A heavy heart is one that is burdened, weighed down by layer upon layer of betrayal, loss, heartache, and failure. It's a kind of checklist of lost time, lost memories, and all the possibilities of what could have been had certain events never occurred. When in that place of suffering, it becomes of little consequence when reminded that you would not be where you are today had you never gone through that!
Once you come to realise that life is not a destination, but rather a journey from start to finish, a pilgrimage, and your final resting place is not here, it becomes easier to understand and accept that "happiness" or "contentment" is more of a path than a passing emotion, and that path will pass through deep valleys.
The Devil, a master manipulator and deceiver, will scoff at the idea of forgiveness and make you believe that it is a form of weakness, that somehow you are "letting them get away with it" or you are "letting them off". Let's unpack this for a second... "letting them off" with what? Man does not condemn Man. The wrongdoer will not "feel" your condemnation towards him. He will remain completely indifferent to it. So how are you projecting this hatred, other than back onto yourself?
"For if ye forgive men their trespasses, your heavenly Father will also forgive you. But if ye forgive not men their trespasses, neither will your Father forgive your trespasses" - Matthew 6:14-15
The Bible also shows that forgiveness is connected to love:
"....it keeps no record of wrongs" - 1 Corinthians 13:5
Anyone who has had a great unrighteous injustice done against them by another will know how challenging it can be to forgive. On my own personal journey of learning to forgive, I recall a sinful act that was done against me back in 2014 that not only angered me terribly, but it also violated my soul. For me, at the time, it was unforgivable! To this day, I still battle the demons of anger that penetrated my soul that year.
In the midst of this chaos at the time, I was filled with much anger and retribution. One day, as I was walking home in the hot, sweltering sun, I replayed a scenario of vengeance against this sinner over and over in my mind. I was chastising them with wrath and letting them know how repugnant they had become to me. It felt satisfying to be getting it all off my chest, but by the time I arrived home, I was feeling hot, flustered, and deflated. Why?
Well, it suddenly occurred to me that the entire confrontation I had just had was only in my mind. I had walked for 30 minutes in the sweltering heat, berating back and forth, condemning and teaching them a lesson, but only in my head. In other words, not one word of all that spent energy had been received by anyone, let alone the perpetrator. This wrongdoer was probably sitting somewhere enjoying themselves in that moment, laughing and relaxed, and I had just taken myself to Hell and back in an argument that didn't even exist.
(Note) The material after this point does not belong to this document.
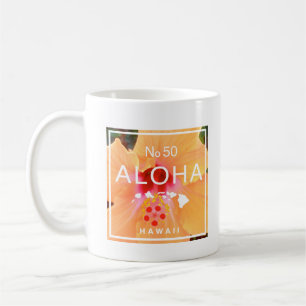 Caneca De Café Aloha Hawaii No. 50 State Island Orange Hibiscus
It was in this moment , I believe, that my long journey of learning to forgive was born.
Withholding forgiveness becomes a heavy burden to carry over time, one that is laden with anger, contempt, bitterness, and even hatred. Your heart will carry this weight in place of the much lighter love, peace, clarity, and gratitude.
God alone has ultimate authority to condemn, and the Bible has numerous passages that allude to remind of separating the sin from the sinner. God removes our transgressions, for our transgressions are not us. We are to hand that burden up to Him.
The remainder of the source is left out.